I wonder if it is okay to start a GTK application within the LKM – in other words, putting the sample code here ( in my kernel module code. Also, I wonder if I am on the right track to achieve my goal.

Thanks in advance!

[UPD] Clarification on what I want: Acer Nitro laptops usually have an app called Nitrosense that provides a GUI to change the keyboard color and fan speed. The Nitro key when pressed shows users the GUI. However, Nitrosense app is only for Windows – I want to write the same thing for Ubuntu. So far I found various repos on changing the keyboard color and fan speed, but there is no repo for an app that opens when I press the Nitro key, so I want to build such thing. I’m using GNOME 42 on Ubuntu 22.04. What I want is whenever the user (already logged in) presses Nitro key, a GUI automatically shows for me to do stuffs.

[UPD2] I also found this repo which seems trying to do the same thing as my concern on another Acer brand. I think it might be helpful, will see.

[UPD3] Here is the event I found when I used evtest nitro key evtest event

However, when I tried xev, there was nothing printed, which makes me think that the X Server doesn’t recognize the Nitro key press event. I guess I should look for documentation to write a module to send the Nitro key event to X Server?

I tried to go to Keyboard settings in GNOME Control Center to try to add a keyboard shortcut, but it also didn’t recognize the Nitro key – maybe because GNOME is running on X Server and X Server doesn’t recognize the Nitro key event?

I also looked at the repo I mentioned in UPD2, so what the author did is also polling via continuously grep the log from evtest to see if the key is pressed – check out this shell command

What I think I can also do is to write a simple systemd service to poll the keyboard device file and check if the Nitro is pressed. However, one mentions that this might waste quite a lot of resources. Any suggestion about this?

Asked By: Thang Bui


I want to develop an GUI application such that whenever the Nitro button is pressed, my application shows up.
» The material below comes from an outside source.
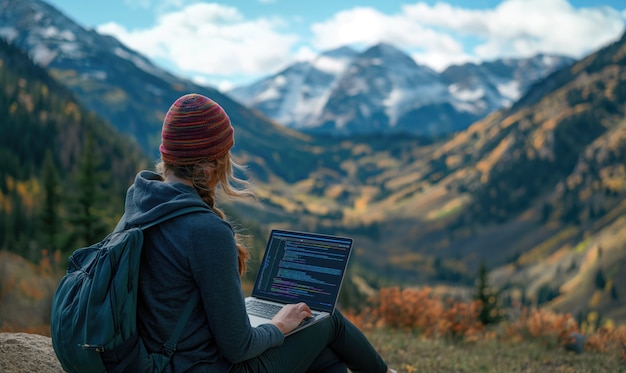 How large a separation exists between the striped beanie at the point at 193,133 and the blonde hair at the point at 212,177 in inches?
1.9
So you need to expose the Nitro button for example as a kernel input layer event. Then some userspace application can act on it and start your UI application.

Remember that Linux is multiuser, the system is designed for a situation where you have a single machine and dozens of people using a GUI with different accounts. So you can’t just "start an application", you need to find the right user. But the kernel is user agnostic.

That means something for this particular user has to act on it. The simplest place to put this is the Window Manager configuration for that particular user (which would be you, I assume).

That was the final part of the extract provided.